Download or read book James Monroe Smith written by E. Merton Coulter and published by University of Georgia Press. This book was released on 2002-09 with total page 320 pages. Available in PDF, EPUB and Kindle. Book excerpt: Few men in the history of Georgia have come down to the present in hearsay and folklore as profusely and as controversially as has James Monroe Smith, who became a millionaire farmer around the turn of the twentieth century. He was born near Washington, Georgia, in 1839 and died on his plantation a few miles from Athens in 1915. Smith’s plantation “Smithonia” was measured in terms of square miles. He developed an empire of farming and allied interests, among which was a railroad to connect his plantation with other rail lines. He served terms in the state legislature in both the house and the senate, and in 1906 ran unsuccessfully for governor. The colorful career of Smith, a bachelor, did not end with his death but was kept alive in numerous claims and counter-claims in the settling of his estate. E. Merton Coulter seeks to separate fact from fiction in his account of Smith’s varied activities and the final dissolution of his wealth.

Book Registry

    Book Details:
  • Author :
  • Publisher :
  • Release : 1994
  • ISBN :
  • Pages : 414 pages

Download or read book Registry written by and published by . This book was released on 1994 with total page 414 pages.
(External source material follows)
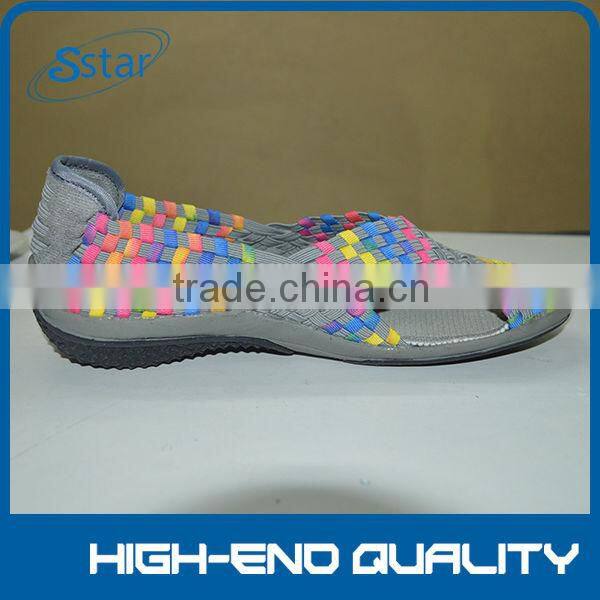 women casual shoes summer 2014 pure hand woven shoes simple structure shoes
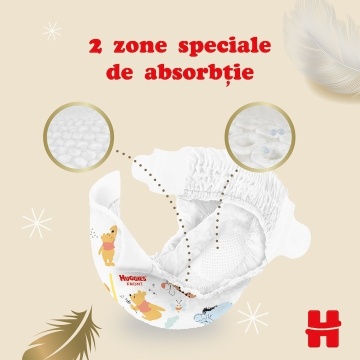 Scutece Huggies Extra Care 2, Mega, 3-6 kg, 82 buc - Img 5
Available in PDF, EPUB and Kindle. Book excerpt:

Book 1990 Census of Population and Housing

Download or read book 1990 Census of Population and Housing written by and published by . This book was released on 1992 with total page 1000 pages. Available in PDF, EPUB and Kindle. Book excerpt:

Book Gachets and Thorntons Look to the Rocks from which They Were Hewn

Download or read book Gachets and Thorntons Look to the Rocks from which They Were Hewn written by Rochelle T. Farris and published by . This book was released on 1979 with total page 528 pages. Available in PDF, EPUB and Kindle. Book excerpt: Harold Thornton married Anne Debard. They lived in Virginia and he died before 1723. Descendants moved to the south and then westward.